__Work order__. From the line holding "When you're ready" through the line holding "Those are the layout" below, write out every line exactly; include both of those lines and drop the pictures.

==== Exercise inputs

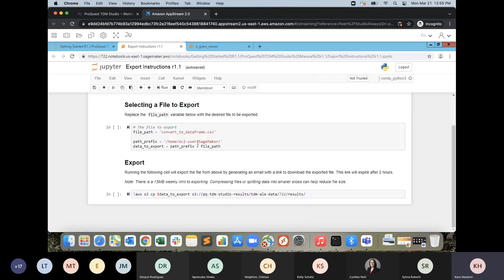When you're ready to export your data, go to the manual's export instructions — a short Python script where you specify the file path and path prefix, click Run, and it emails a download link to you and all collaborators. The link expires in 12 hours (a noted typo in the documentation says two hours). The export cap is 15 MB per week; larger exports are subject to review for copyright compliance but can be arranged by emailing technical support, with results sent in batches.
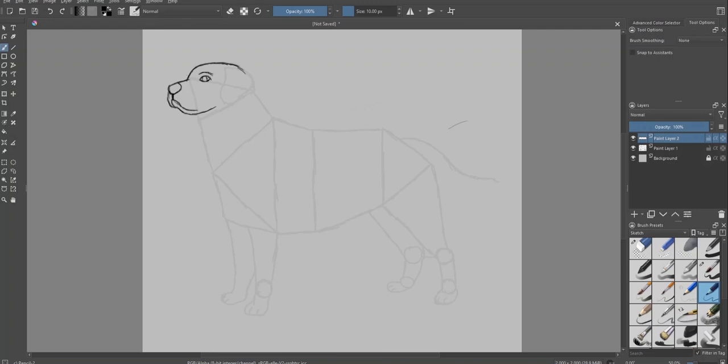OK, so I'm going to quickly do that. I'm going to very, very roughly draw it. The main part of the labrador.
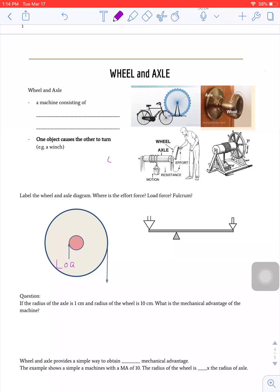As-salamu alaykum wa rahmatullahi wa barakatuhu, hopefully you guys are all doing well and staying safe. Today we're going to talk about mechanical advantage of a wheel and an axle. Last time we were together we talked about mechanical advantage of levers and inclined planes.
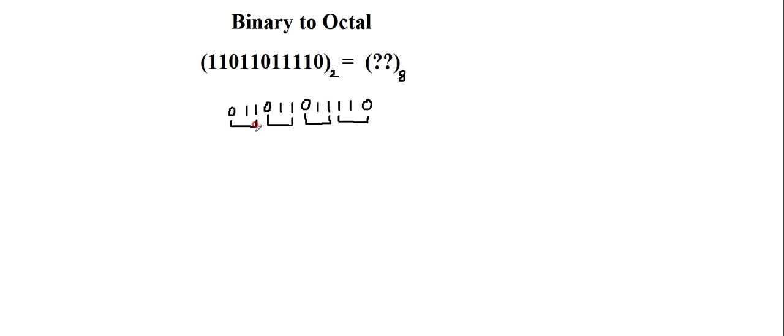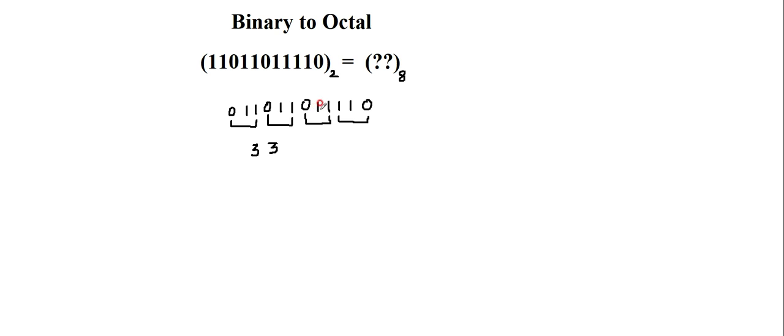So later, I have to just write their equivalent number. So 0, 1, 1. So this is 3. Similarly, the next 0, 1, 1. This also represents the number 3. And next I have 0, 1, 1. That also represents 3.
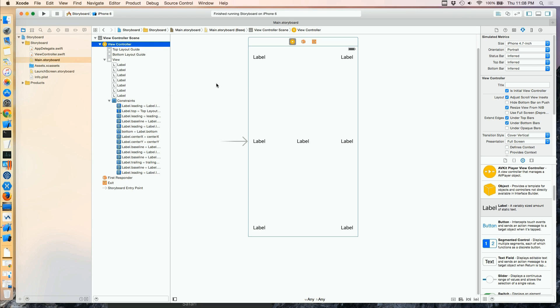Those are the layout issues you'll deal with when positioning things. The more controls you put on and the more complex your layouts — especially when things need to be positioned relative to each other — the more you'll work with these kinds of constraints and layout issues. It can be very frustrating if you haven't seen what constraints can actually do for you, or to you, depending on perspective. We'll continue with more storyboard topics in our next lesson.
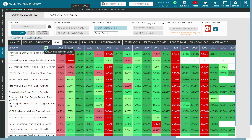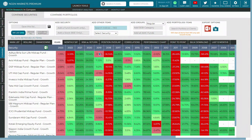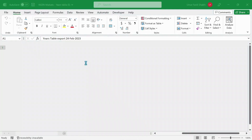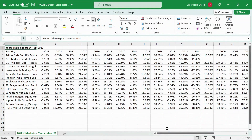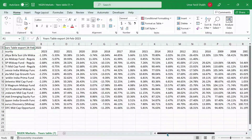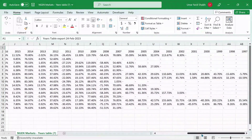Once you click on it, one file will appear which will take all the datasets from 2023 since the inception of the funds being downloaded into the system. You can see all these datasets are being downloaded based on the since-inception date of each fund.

========
==== Exercise inputs

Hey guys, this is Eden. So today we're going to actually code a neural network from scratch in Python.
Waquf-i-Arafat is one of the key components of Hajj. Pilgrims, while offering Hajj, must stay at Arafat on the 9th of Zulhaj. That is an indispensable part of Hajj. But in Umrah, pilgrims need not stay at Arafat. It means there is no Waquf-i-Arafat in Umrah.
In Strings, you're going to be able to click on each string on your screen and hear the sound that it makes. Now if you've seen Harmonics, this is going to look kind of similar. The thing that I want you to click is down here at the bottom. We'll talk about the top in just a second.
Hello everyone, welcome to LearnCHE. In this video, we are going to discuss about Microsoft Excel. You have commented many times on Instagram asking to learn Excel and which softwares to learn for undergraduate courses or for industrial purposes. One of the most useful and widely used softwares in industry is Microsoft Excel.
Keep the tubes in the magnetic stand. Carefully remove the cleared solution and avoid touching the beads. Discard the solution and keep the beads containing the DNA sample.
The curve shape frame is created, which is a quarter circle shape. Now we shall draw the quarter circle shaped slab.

========
==== Exercise inputs

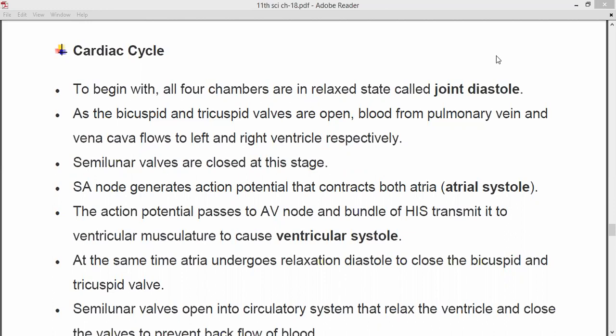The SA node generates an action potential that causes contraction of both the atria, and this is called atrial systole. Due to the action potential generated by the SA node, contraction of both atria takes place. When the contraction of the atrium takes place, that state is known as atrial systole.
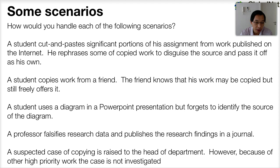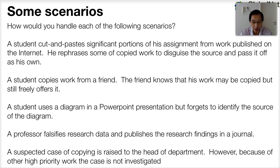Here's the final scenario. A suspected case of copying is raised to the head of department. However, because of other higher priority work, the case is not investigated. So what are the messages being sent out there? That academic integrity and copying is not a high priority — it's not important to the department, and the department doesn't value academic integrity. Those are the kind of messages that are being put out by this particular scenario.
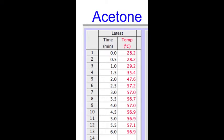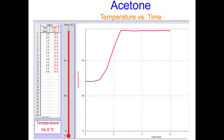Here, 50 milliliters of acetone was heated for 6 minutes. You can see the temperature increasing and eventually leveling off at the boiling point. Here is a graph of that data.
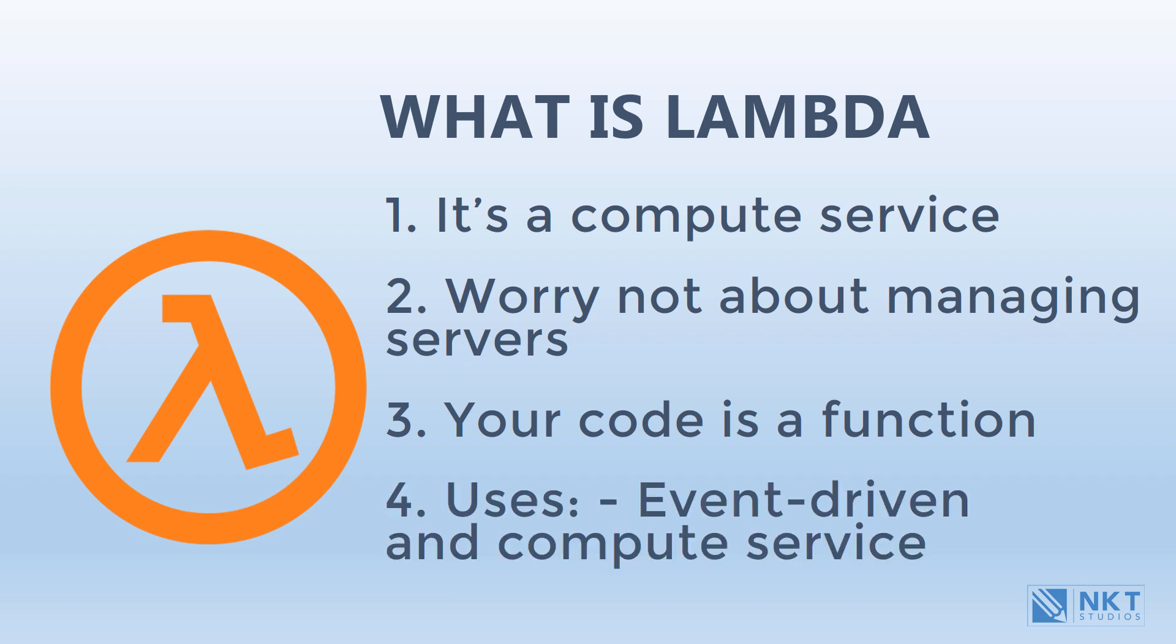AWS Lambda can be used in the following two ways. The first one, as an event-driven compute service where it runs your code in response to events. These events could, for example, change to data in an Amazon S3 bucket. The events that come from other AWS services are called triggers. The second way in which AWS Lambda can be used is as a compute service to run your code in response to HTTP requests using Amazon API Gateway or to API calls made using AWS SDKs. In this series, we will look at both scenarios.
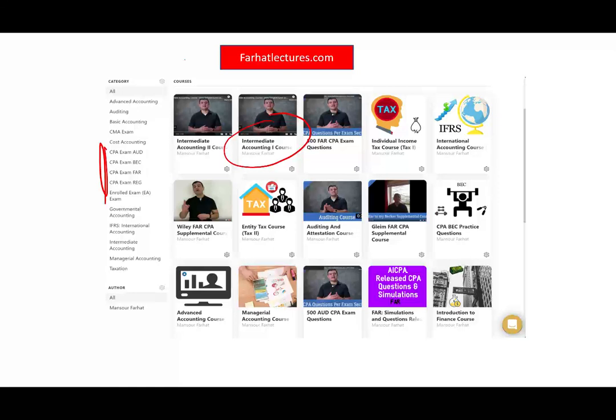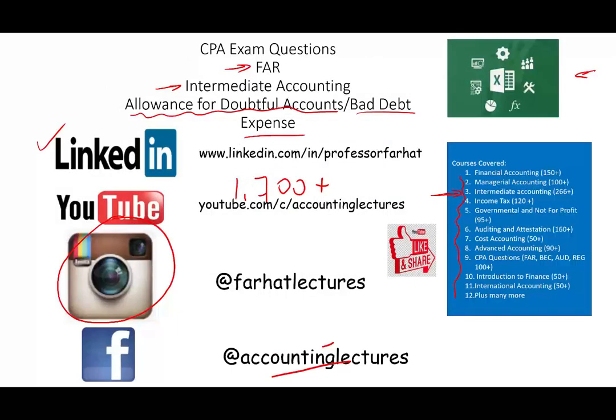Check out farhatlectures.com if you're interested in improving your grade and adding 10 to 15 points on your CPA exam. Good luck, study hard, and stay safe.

========

__Answer to this task__.
When you're ready to export your data, go to the manual's export instructions — a short Python script where you specify the file path and path prefix, click Run, and it emails a download link to you and all collaborators. The link expires in 12 hours (a noted typo in the documentation says two hours). The export cap is 15 MB per week; larger exports are subject to review for copyright compliance but can be arranged by emailing technical support, with results sent in batches.
OK, so I'm going to quickly do that. I'm going to very, very roughly draw it. The main part of the labrador.
As-salamu alaykum wa rahmatullahi wa barakatuhu, hopefully you guys are all doing well and staying safe. Today we're going to talk about mechanical advantage of a wheel and an axle. Last time we were together we talked about mechanical advantage of levers and inclined planes.
So later, I have to just write their equivalent number. So 0, 1, 1. So this is 3. Similarly, the next 0, 1, 1. This also represents the number 3. And next I have 0, 1, 1. That also represents 3.
Those are the layout issues you'll deal with when positioning things. The more controls you put on and the more complex your layouts — especially when things need to be positioned relative to each other — the more you'll work with these kinds of constraints and layout issues. It can be very frustrating if you haven't seen what constraints can actually do for you, or to you, depending on perspective. We'll continue with more storyboard topics in our next lesson.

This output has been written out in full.